This is the mail archive of the
mailing list for the GCC project.
Re: gcc compile-time performance
> > > Here's another oddity.
> > >
> > > Why is predict.c using the target floating-point emulation routines to do
> > > its branch probability calculations? There must be a faster way of doing
> > > this that is good enough for the level of estimation needed here -- the
> > > probabilities are at best approximate.
> > >
> > > When profiling a compilation of combine.c (a function with no floating
> > > point code), I was amazed to find that we spend 2.5% of the total
> > > compilation time in earith() and its children.
> > This is curious, I was benchmarking it on similar testcase before sending
> > the patch and it was about 0.5% of total compilation time spent in
> > branch probability pass...
> OK, I've re-run the same code but this time with a compiler built with
> -O2; it makes a little difference, but not much:
> 0.01 0.06 22284/63991 estimate_bb_frequencies
> 0.03 0.11 41707/63991 propagate_freq 
>  1.8 0.04 0.17 63991 earith 
> 0.01 0.11 28608/28608 ediv 
> 0.01 0.02 14613/32590 emul 
> 0.00 0.01 20770/38747 eadd1 
> 0.01 0.00 127982/779628 eisnan 
> 0.00 0.00 14642/32619 eadd 
> 0.00 0.00 6128/6128 esub 
> That 1.8 means 1.8% of total run time, the only callers being the
> basic-block code. Ie, ~2% of the entire compilation time is spent just
> estimating probabilities.
I am just looking at it. What I don't understand yet is why this does not show
up in the -Q output? There is BRANCH_PROB timevar, the timevar is
pushed/popped but yet it is not displayed...
> > >
> > > Surely either native floating-point code, or even some simple fixed-point
> > Native floating point code is problem, unfortunately since for i386 you get
> > different results in optimized and non-optimized builds breaking bootstrap.
> > Fixed point code is problem, as we are interested in comparisons relative
> > to the highest fequency in the program. This may be the entry block for
> > tree-structured function, but it may be the internal loop and at high loop
> > nests there is more than 2^30 differences between these two we can affort
> > in integral arithmetics.
> I'm a little surprised that we really need to preserve such huge levels of
> ordering. Would it really matter (in terms of final code execution
> performance) if those smaller numbers underflowed to zero?

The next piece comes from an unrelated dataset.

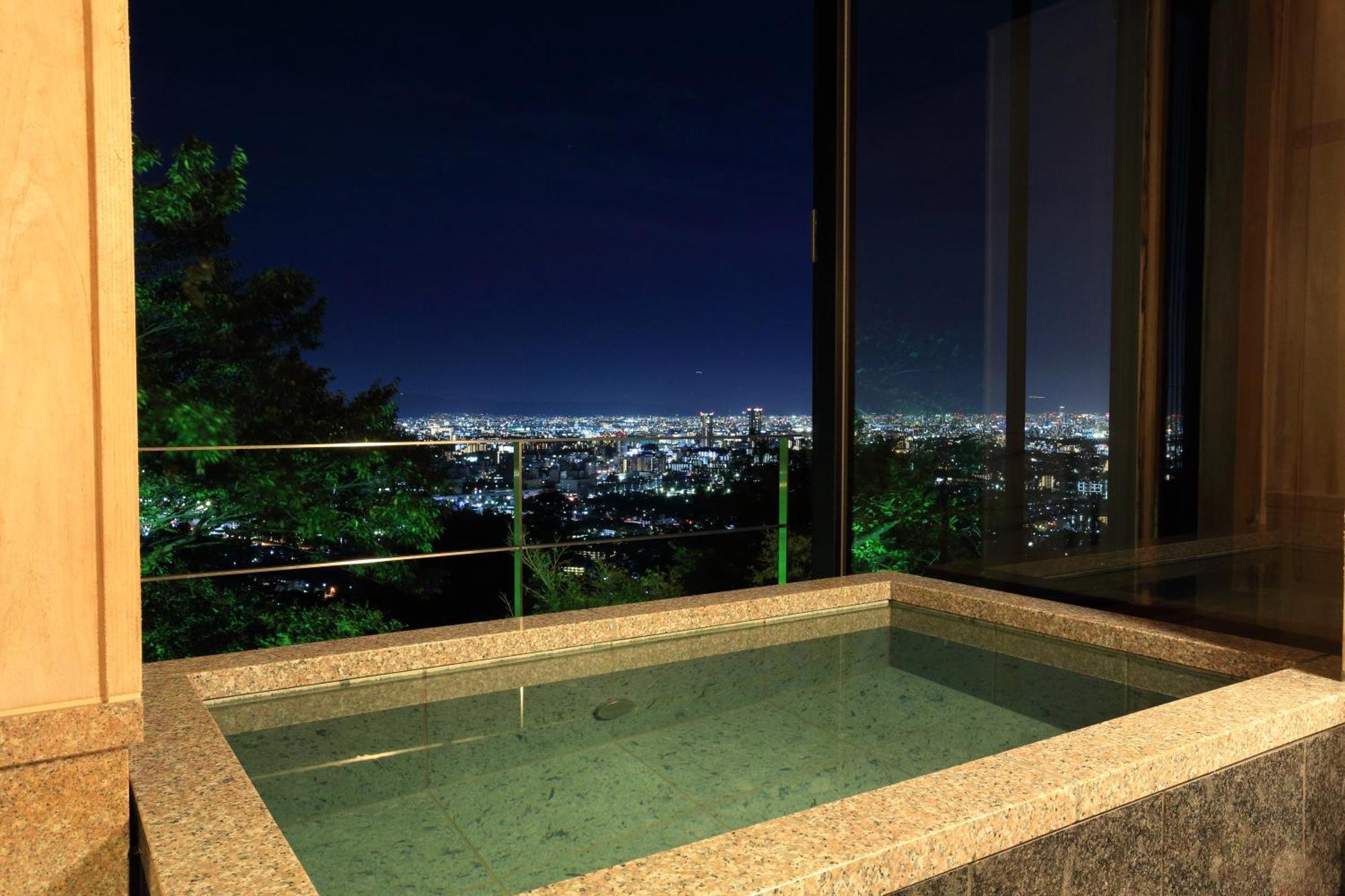山荘 風の杜 Sanso Kazenomori Hotel Minoh Exterior photo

We need to get the big number high. Unforutnately if we propagate them
we often build them for small numbers, so the roundoff error propagates
Of course my first version was 32bit integer and it overflowed all them time,
unfortunately. My second version was floating point and I was asked to rewrite
it into emulated fp because of the bootstrap misscomparisons happening from
time to time with the broken FP on i386....
I am open to the suggestinos, just mentioning what has been already tried.